The future of the Google Android operating system lies in a technology called Android@Home, a system for tying together home devices via Google-authored protocols and APIs.
Google announced the platform in a keynote address on Monday at Google I/O, where the company opened the conference by announcing a new version of Honeycomb, its next-generation "Ice Cream Sandwich" release, as well as movies, music, and Android accessories.
To date, Android has existed as an operating system for phones, and most recently, tablets. The upcoming "Ice Cream Sandwich" release, due in the fourth quarter, will serve as a unifying release for both the tablet and the phone. Google hasn't said what OS Android@Home will use.

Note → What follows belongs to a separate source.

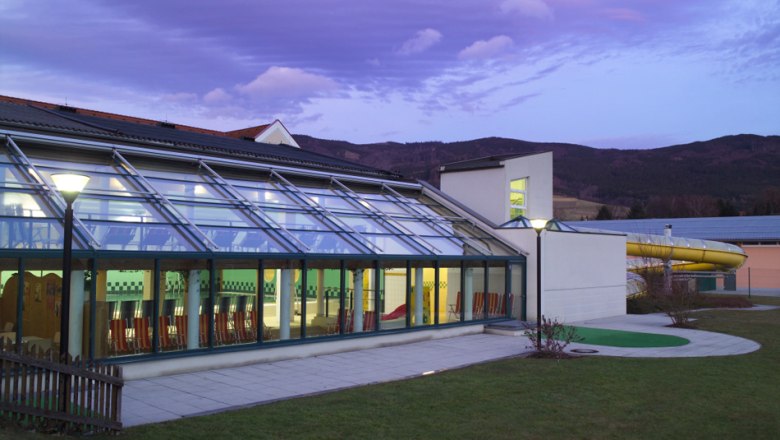 Indoor swimming pool Yspertal, © Hallenbad Yspertal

Android@Home, by contrast, will connect a user's Android device to other appliances in the home via a suite of new services that will be released at an undisclosed future time. Examples of this include "Project Tungsten," a wireless speaker system that can be synced via Android, as well as wireless light switches and other appliances. Lighting Science was also named as a partner, and will launch wireless lighting products to support Android@Home.
"We want to think of every device in your home as a connection to Android apps," said Hugo Barra, product management director for Google, in the keynote.
What is Android@Home?
According to Eric Holland, vice president of electrical engineering at Lighting Science, Android@Home will use a new version of a wireless network developed by Google. It will eventually be open sourced, Holland added.
"Google reached out to us, but we were already working on something similar," Holland said. Wireless Science plans five products, including internal lamps and external lighting fixtures that use the technology. They will ship by the end of the year, Holland said.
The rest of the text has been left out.